- Born: May 11, 1950 (age 76) Hiroshima Prefecture, Japan

Gymnastics career
- Discipline: Men's artistic gymnastics
- Country represented: Japan;
- Medal record
Representing Japan
Olympic Games
| Gold medal – first place | 1976 Montreal | Team |

= Shun Fujimoto =

Japanese artistic gymnast

Shun Fujimoto (藤本 俊, Fujimoto Shun) is a retired Japanese gymnast.

He represented Japan at the 1976 Summer Olympics in Montreal, where he won gold in the team competition.

Fujimoto won fame by continuing to compete in the team event right after severely injuring his right knee during his floor exercise. He scored 9.5 on the pommel horse and 9.7 on the still rings with the badly damaged knee, dismounting from the rings from eight feet above ground and keeping his balance after landing on his feet. One source has described the scene thus: that he "raised his arms in a perfect finish before collapsing in agony". That account, however, is erroneous.
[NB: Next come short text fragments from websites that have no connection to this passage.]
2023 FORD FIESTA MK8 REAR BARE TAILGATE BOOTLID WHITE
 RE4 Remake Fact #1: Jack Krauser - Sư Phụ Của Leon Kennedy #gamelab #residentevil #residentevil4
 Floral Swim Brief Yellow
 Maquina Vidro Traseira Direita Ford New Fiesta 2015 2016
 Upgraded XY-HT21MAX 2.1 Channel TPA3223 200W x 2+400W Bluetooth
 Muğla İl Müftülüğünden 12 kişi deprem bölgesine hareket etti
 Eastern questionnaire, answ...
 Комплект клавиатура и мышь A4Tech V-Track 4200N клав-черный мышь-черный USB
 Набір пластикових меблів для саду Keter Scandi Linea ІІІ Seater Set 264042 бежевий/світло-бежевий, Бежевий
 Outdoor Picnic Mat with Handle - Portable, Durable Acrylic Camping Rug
Video of Fujimoto's rings routine, including the dismount and immediate aftermath, is easily accessible on the internet, and it is unambiguously clear that, despite the physical agony of performing his routine and landing, he did not collapse after completing his dismount. Instead, immediately upon his landing, as Fujimoto's knees bent to absorb the shock, his right knee started to give way, wobbling and almost collapsing. But he controlled his balance, taking a very slight hop on his left foot, bringing his feet together, straightening his legs and body to a fully upright position, and raising his arms to complete the landing posture. He then turned and walked from the apparatus, and down the steps from the competition platform. He was limping markedly, but made it back to his seat without ever collapsing.

Nevertheless, the dismount aggravated his already serious injury, dislocating his broken kneecap and tearing ligaments in his right leg. Doctors ordered him to withdraw from further competition or risk permanent disability. One doctor stated:
"How he managed to do somersaults and twists and land without collapsing in screams is beyond my comprehension."

Fujimoto stated that he had not wanted to let his team down by revealing his injury. His completing of the pommel horse and rings events enabled the team to win gold, defeating the team from the Soviet Union by a narrow margin. Later, when asked whether he would do what he did again, he replied frankly, "No, I would not."

Fujimoto's performing in spite of serious injury was humorously alluded to in The Simpsons episode, "Lisa's First Word".

In 2017, Fujimoto was inducted into the International Gymnastics Hall of Fame.